Gifts to charitable institutions are exempt from customs duties under the following circumstances:

(a) Goods donated or purchased for donation to a non-profit organization or government-approved institution for: their official use; free distribution to the poor and needy; use in medical treatment, education, religious or rehabilitation work; or other purposes approved by the government [Customs and Excise Act, Sec. 138(1)(c)].

(b) Certain goods, including some passenger motor vehicles, and office, audio and visual electronic equipment are excluded from the custom duties exemptions. Textiles, new and used clothing, footwear, and certain foods also are excluded from the customs duties exemption. However, a remission of the duty may be granted if the goods are donated or purchased for donation to registered homes for poor and needy persons. The remission is subject to ministerial approval. Remissions also may be granted when the goods are imported during periods of civil strife, national calamity or disaster as declared by law or where intended for use in officially recognized refugee camps in Kenya (The Customs and Excise (Remission) (Charitable Organisations) Order 1999 as amended by Legal Notice 46 of 2004).

(c) The Treasury must approve any duty exemption that exceeds Kshs. 500,000 [Customs and Excise Act, Third Schedule, sec. 12].

E. Double Tax Treaties

There are no double tax treaties between the United States and Kenya.  

VI. Knowledgeable Contacts

Kaplan and Stratton Advocates
P.O. Box 40111
Nairobi, 00100 Kenya
Tel: +254 (0) 20 2841000
Fax: +254 (0) 20 2734667
E-mail:  


Footnotes

[1] The Sessional Paper was developed by the Ministry in consultation with various stakeholders in the NGO sector. The intention is that the Sessional Paper contents will be reflected in a bill to be presented to Parliament for formal enactment. Although its contents currently may not be binding, the Sessional Paper serves as a useful indication of the government’s future policy in relation to the NGO sector. A summary of the contents of the Paper is briefly outlined in Appendix A.

[2] It is also possible in Kenya to establish a company limited by shares, however this is typically established to carry out for-profit trading activities.

[3] For purposes of this Note, the term “other NPOs” refers to those not-for-profit organizations that do not qualify as NGOs.
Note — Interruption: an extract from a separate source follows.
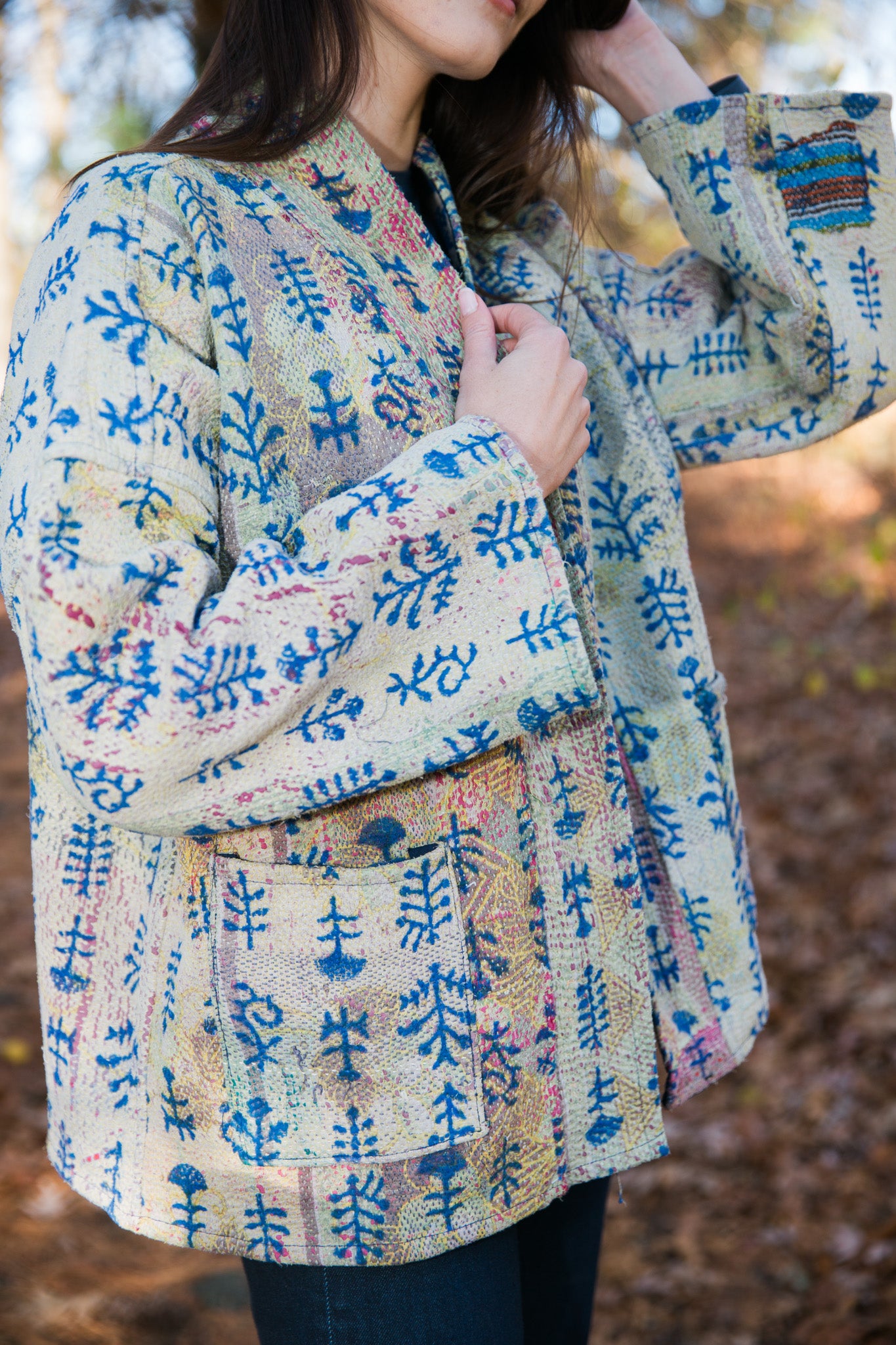 Vintage Kantha Quilt Jacket in Bloom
[4] However, no society in Kenya can affiliate with any political organization or group outside Kenya (Societies Act, sec. 11(1)(a)).

[5] This code is written and enforced by a statutorily-established council of voluntary agencies (NGO Coordination Act, secs. 23-24). The council can recommend the suspension or cancellation of an NGO's registration certificate (Code of Conduct, sec. 20(4)(b); NGO Coordination Act, sec. 16).

[6] The constitution now provides under Article 22 (1) that every person has the right to institute court proceedings claiming that a right or fundamental freedom in the Bill of Rights has been denied, violated or infringed or is threatened. As of March 2012, the status of the above rules has yet to be established; however that Article further provides that the Chief Justice shall make rules providing for the above court proceedings-Article 22(3).

[7] The following section is repeated verbatim in the various public university Acts:

Admission to the university as candidates for degrees, diplomas, certificates or other awards of the University shall be open to all persons accepted as being qualified by the Senate without distinction of ethnic origin, sect or creed and no barrier based on such distinction shall be imposed upon any person as a condition of his becoming or continuing to be, a professor, lecturer, graduate or student of the university or of his holding any office therein, nor shall any preference be given to, or advantage be withheld from, any person on the basis of ethnic origin, sect or creed.

[8]If the Minister of Finance concludes that it is in the public interest to do so, the Minister also has the discretion to remit, in whole or in part, VAT payable in respect of any taxable goods or services, if he is satisfied that it is in the public interest to do so [VAT Act, sec. 23(1)]. In practice, such rebates are very difficult to obtain.